▸ Input records
⟨

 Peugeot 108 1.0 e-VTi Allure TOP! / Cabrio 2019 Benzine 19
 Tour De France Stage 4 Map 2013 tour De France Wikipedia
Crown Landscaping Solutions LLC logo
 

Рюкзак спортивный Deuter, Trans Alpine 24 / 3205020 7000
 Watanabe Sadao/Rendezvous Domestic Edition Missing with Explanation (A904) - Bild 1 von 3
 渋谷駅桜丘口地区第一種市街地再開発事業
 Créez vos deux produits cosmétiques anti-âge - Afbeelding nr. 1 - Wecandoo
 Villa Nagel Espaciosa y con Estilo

⟩
⟨

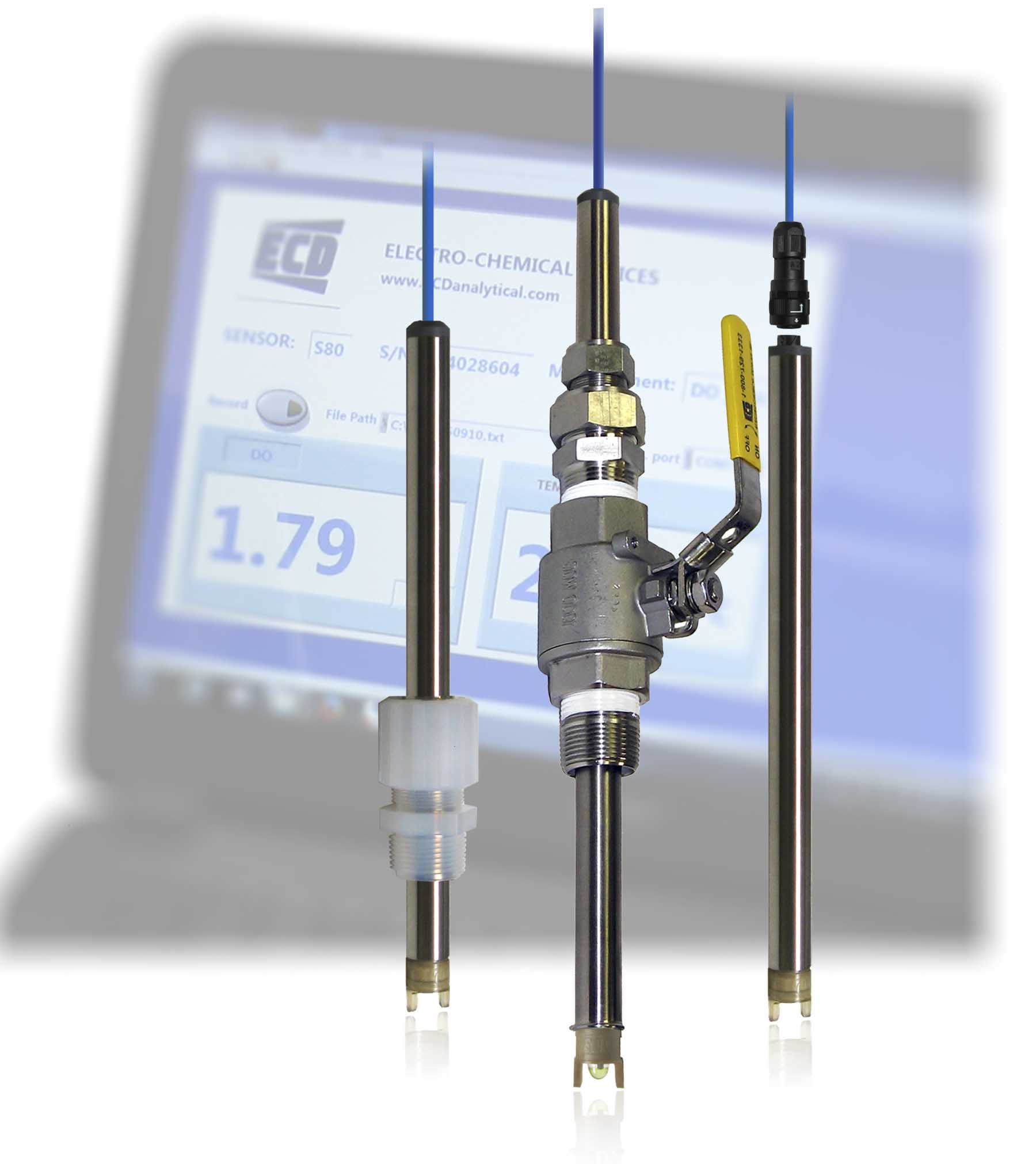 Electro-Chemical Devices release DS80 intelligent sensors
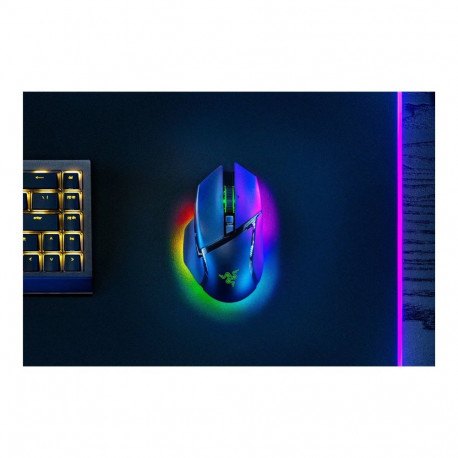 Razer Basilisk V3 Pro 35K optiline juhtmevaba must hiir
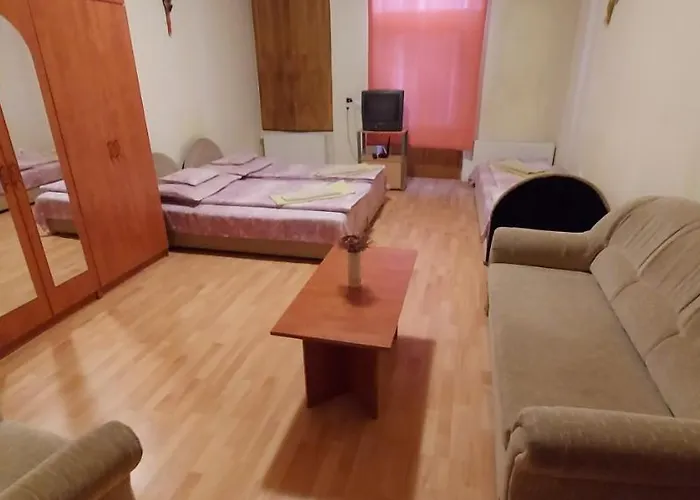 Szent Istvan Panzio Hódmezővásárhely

⟩
⟨

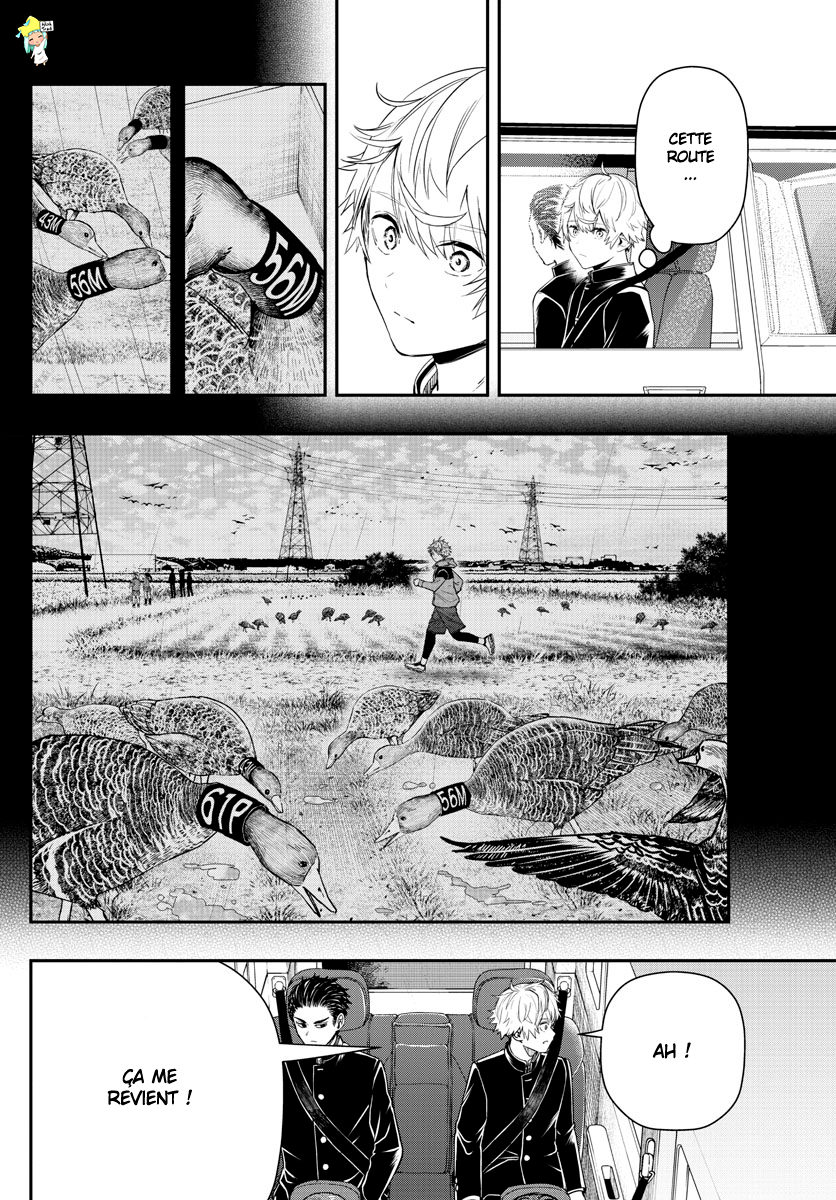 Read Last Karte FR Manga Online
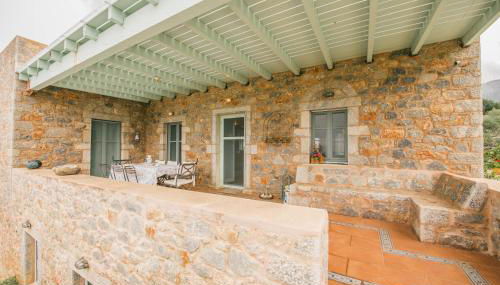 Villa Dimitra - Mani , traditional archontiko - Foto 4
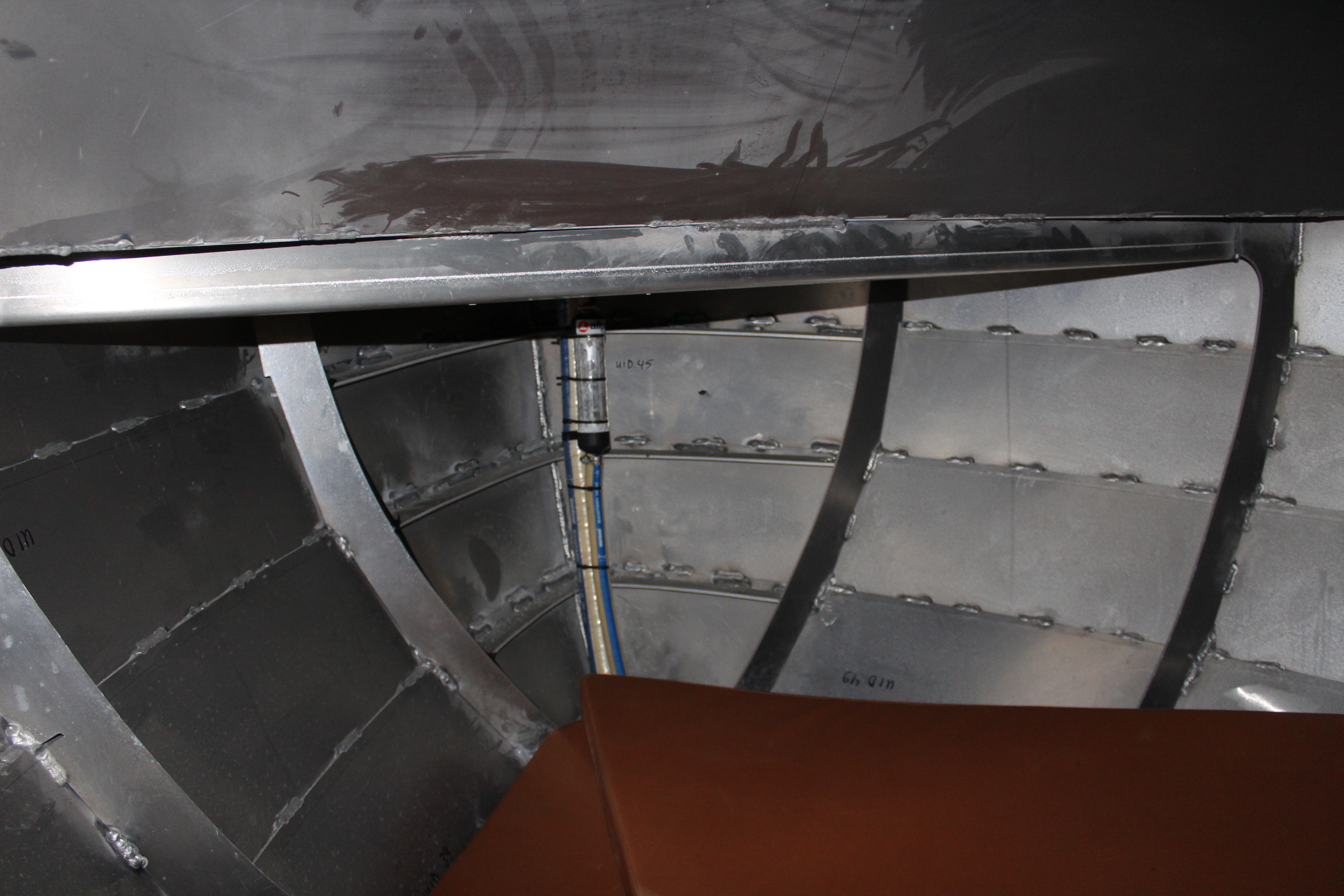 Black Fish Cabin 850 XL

⟩

▸ Prompt
Transcribe the records above exactly, beginning at the line that contains "Watanabe Sadao/Rendezvous Domestic" and ending with the line that contains "Villa Nagel Espaciosa y con Estilo", both included, and nothing else.

▸ Response area
 Watanabe Sadao/Rendezvous Domestic Edition Missing with Explanation (A904) - Bild 1 von 3
 渋谷駅桜丘口地区第一種市街地再開発事業
 Créez vos deux produits cosmétiques anti-âge - Afbeelding nr. 1 - Wecandoo
 Villa Nagel Espaciosa y con Estilo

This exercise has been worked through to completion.